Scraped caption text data

◇ ◇ ◇

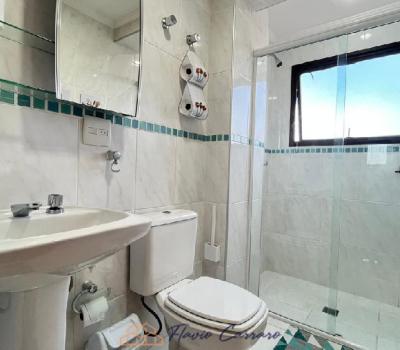 FLAT TOTAL INFRAESTRUTURA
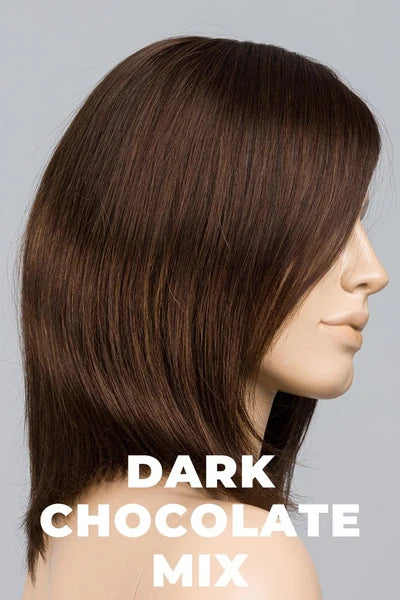 Yara Mono Wig by Ellen Wille | Perucci | Remy Human Hair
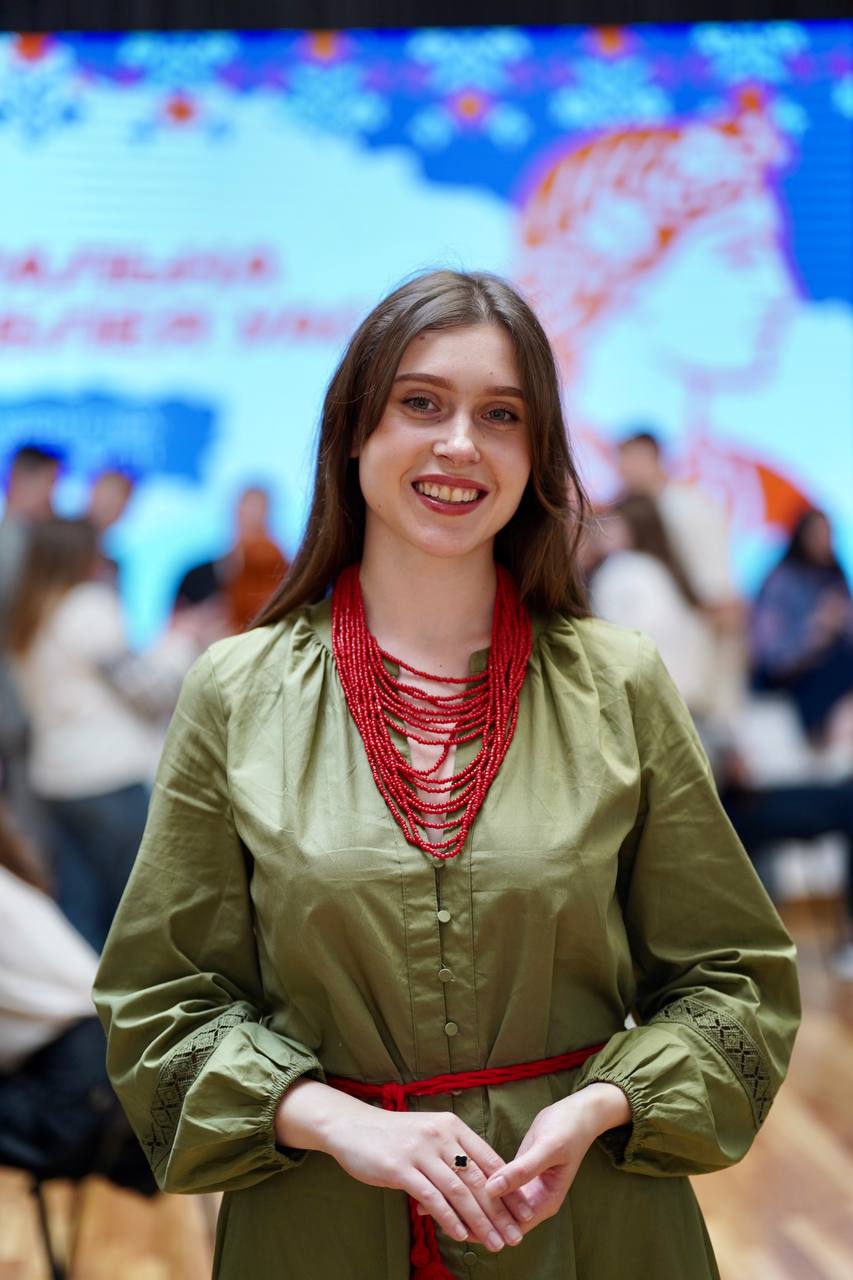 Поліна Гомбалевська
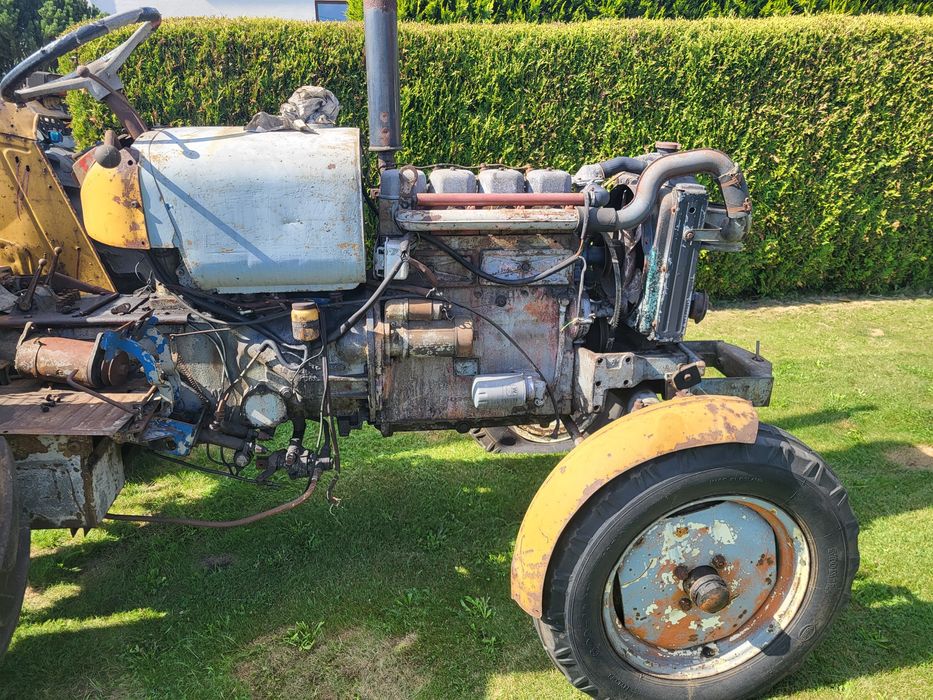 Sprzedam Ursus C-360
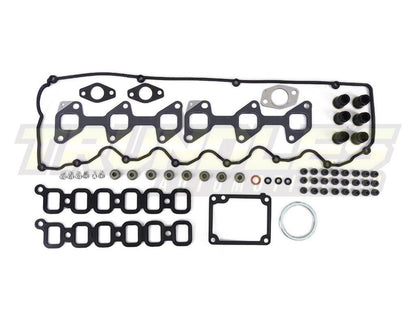 Genuine Toyota 1HDFT Valve Regrind Gasket Set - Trundles Automotive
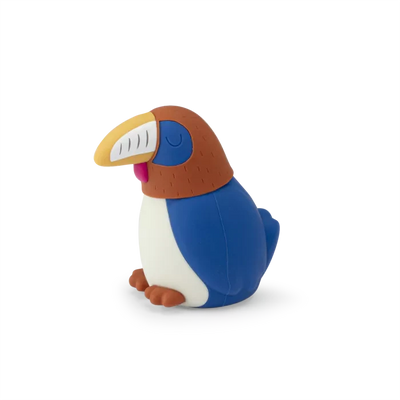 Veilleuse Calao La forêt Mawa - Moulin Roty 688201 3575676882016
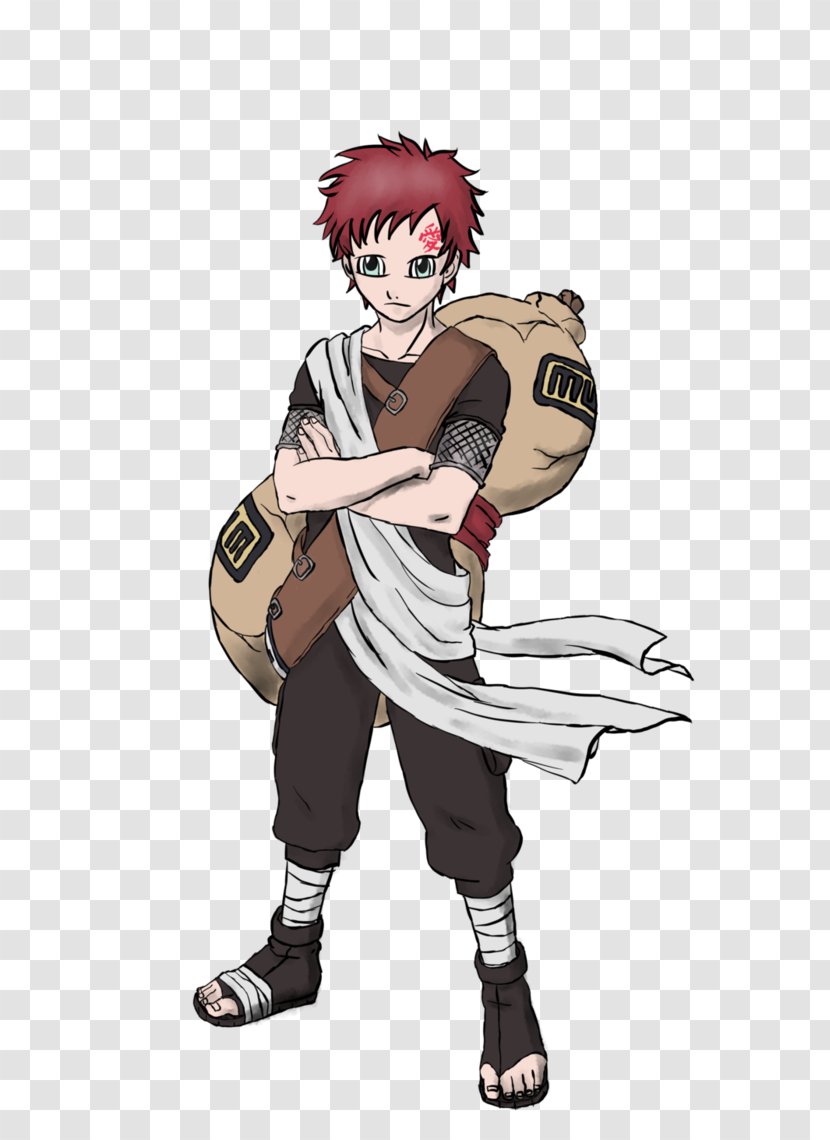 Gaara Kankuro Temari Shikamaru Nara Character - Tree - Naruto Transparent PNG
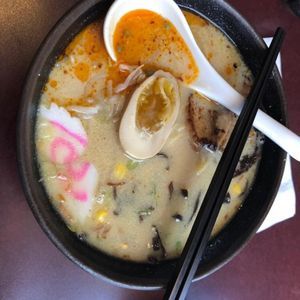 Meet your Posher, Calvin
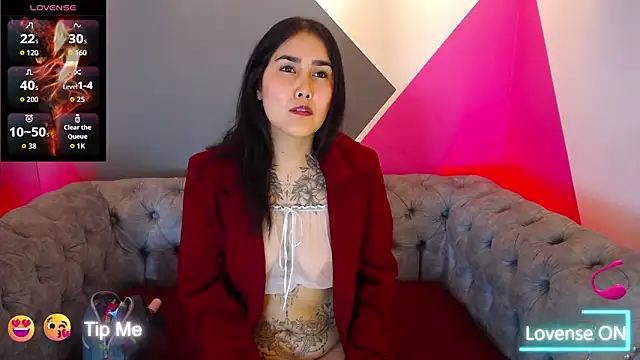 Snapshot of Beidy_Rous chatting on November 2025 11:52:02 AM Beidy Rous online show from November 2025 11:52:02 AM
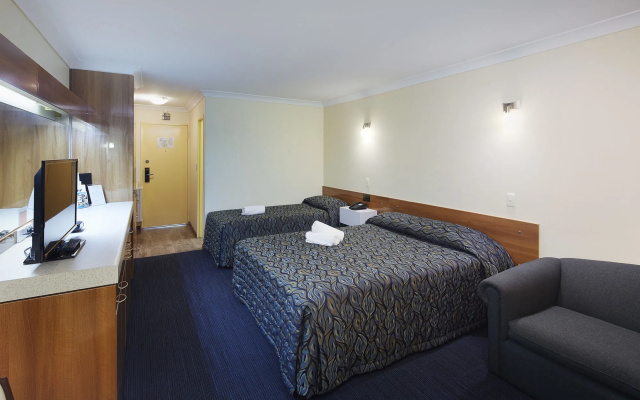 Windsor Lodge Como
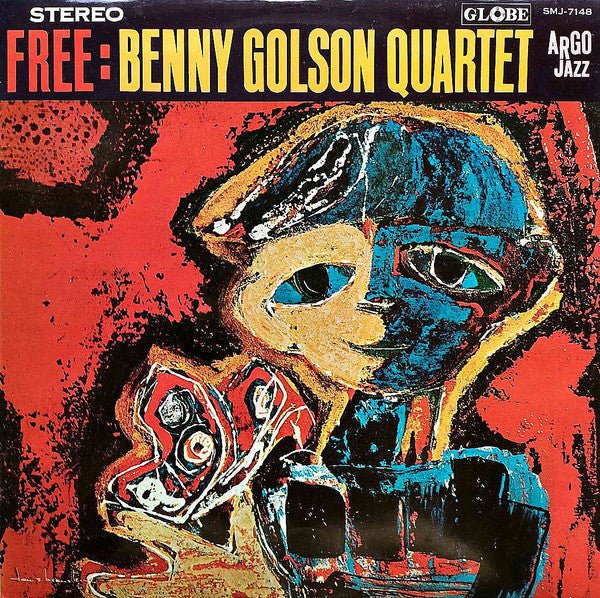 Release: Free-Vinyl-Japan-1963-SMJ-7148, SMJ-7148-13274782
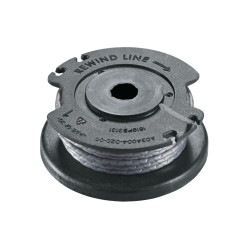 Bobine de fil pour coupe-bordure EasyGrassCut 4 m BOSCH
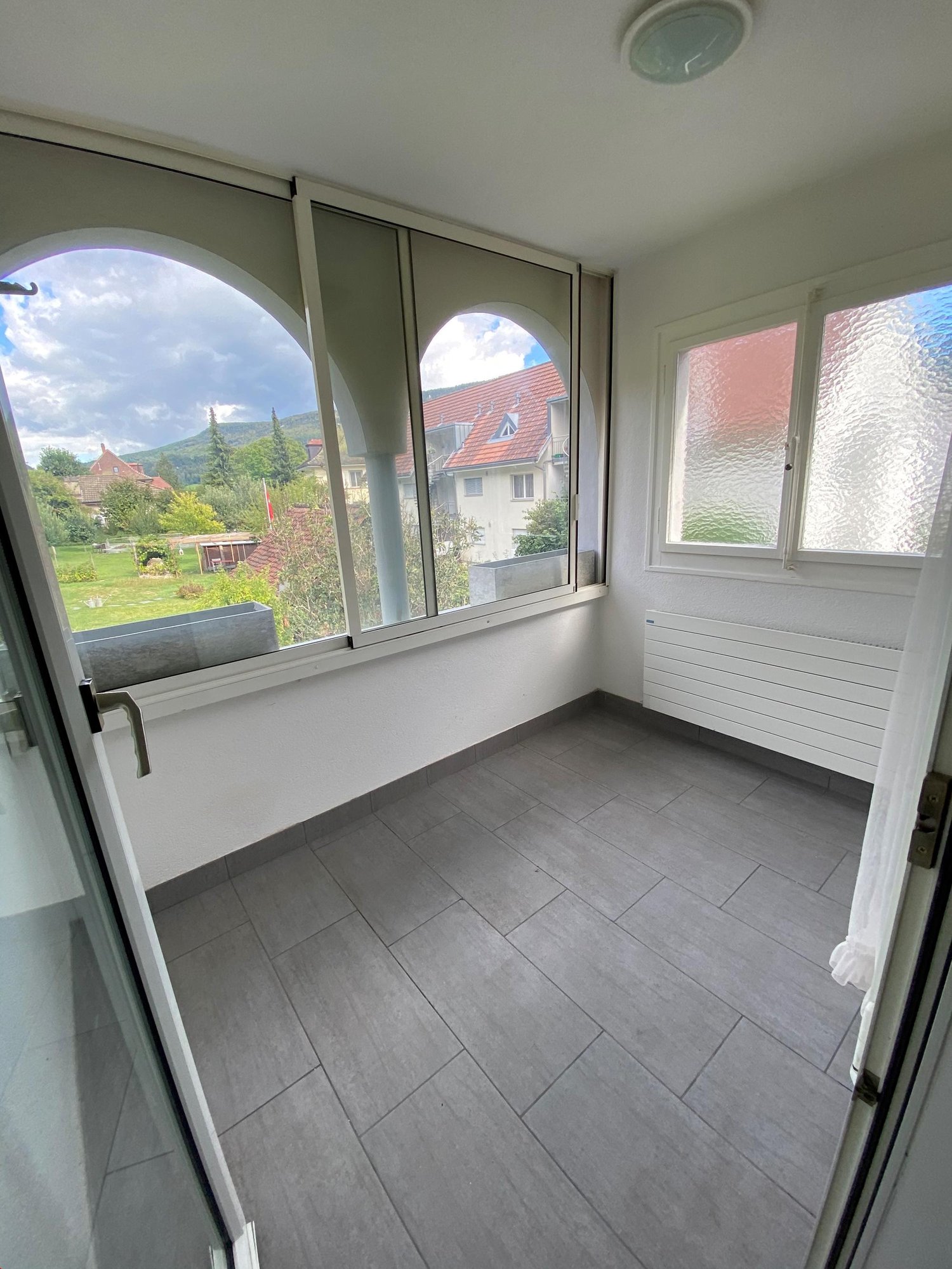 Duplex de 3 ½ pièces, photo 5 sur 5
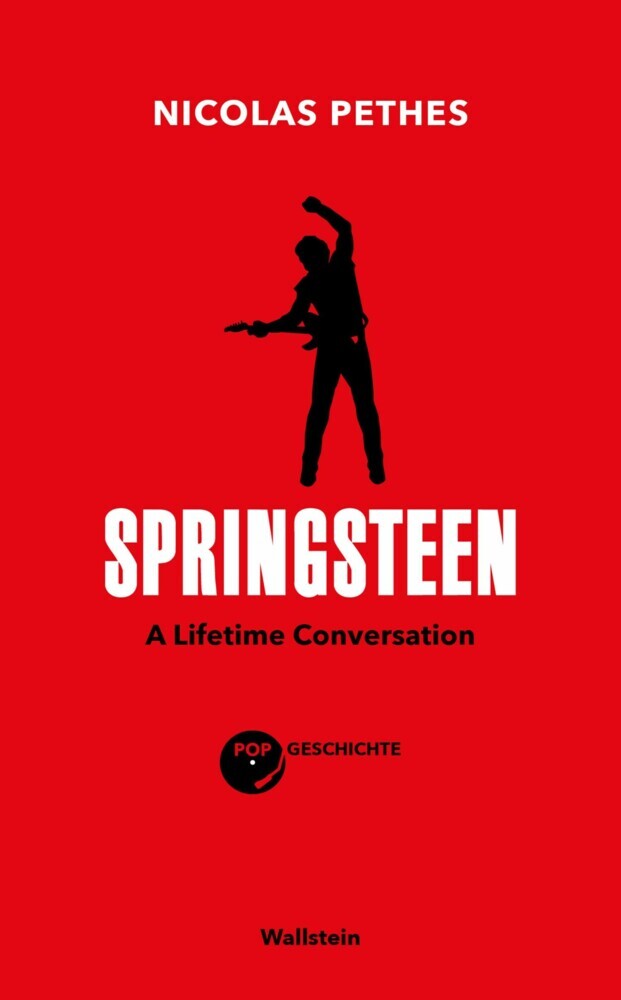 Springsteen main product photo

◇ ◇ ◇

Please repeat, exactly and with nothing else, the lines from the one containing "Поліна Гомбалевська" to the last line of the entries, both included, excluding any pictures.

#### Problem solution
 Поліна Гомбалевська
 Sprzedam Ursus C-360
 Genuine Toyota 1HDFT Valve Regrind Gasket Set - Trundles Automotive
 Veilleuse Calao La forêt Mawa - Moulin Roty 688201 3575676882016
 Gaara Kankuro Temari Shikamaru Nara Character - Tree - Naruto Transparent PNG
 Meet your Posher, Calvin
 Snapshot of Beidy_Rous chatting on November 2025 11:52:02 AM Beidy Rous online show from November 2025 11:52:02 AM
 Windsor Lodge Como
 Release: Free-Vinyl-Japan-1963-SMJ-7148, SMJ-7148-13274782
 Bobine de fil pour coupe-bordure EasyGrassCut 4 m BOSCH
 Duplex de 3 ½ pièces, photo 5 sur 5
 Springsteen main product photo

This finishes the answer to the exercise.